Taking the listing below, restate word for word each line from the line with "Warren Edge Road, Southbourne, BH6 4AU" to the line with "Button Set of", ends included, and stop there.

» Entries supplied:

<<<<

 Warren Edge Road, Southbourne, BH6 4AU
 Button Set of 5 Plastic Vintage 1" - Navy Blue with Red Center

>>>>
<<<<

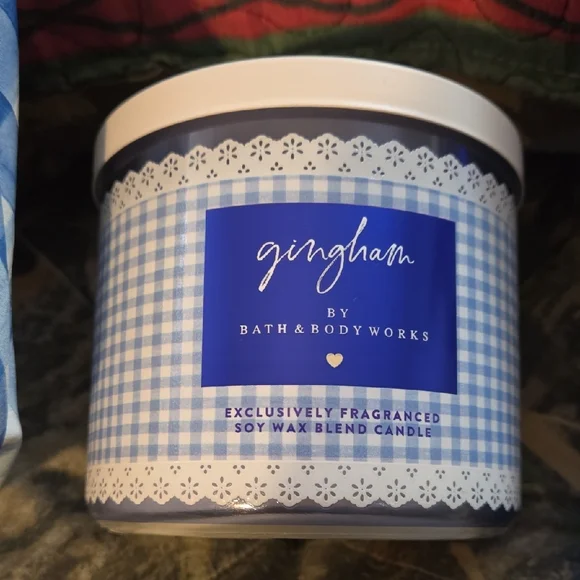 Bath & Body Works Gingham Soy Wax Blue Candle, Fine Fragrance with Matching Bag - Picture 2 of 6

>>>>
<<<<

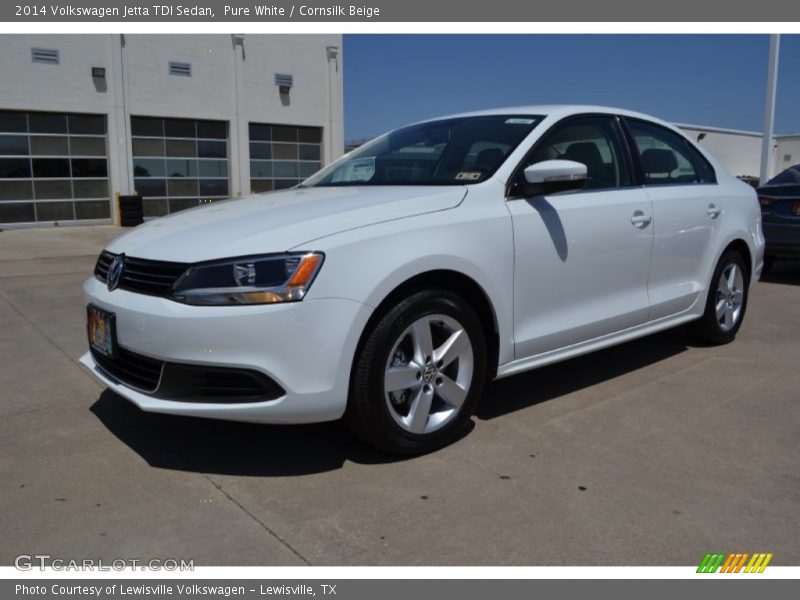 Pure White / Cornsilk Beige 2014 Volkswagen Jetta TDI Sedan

>>>>

» Answer section:
 Warren Edge Road, Southbourne, BH6 4AU
 Button Set of 5 Plastic Vintage 1" - Navy Blue with Red Center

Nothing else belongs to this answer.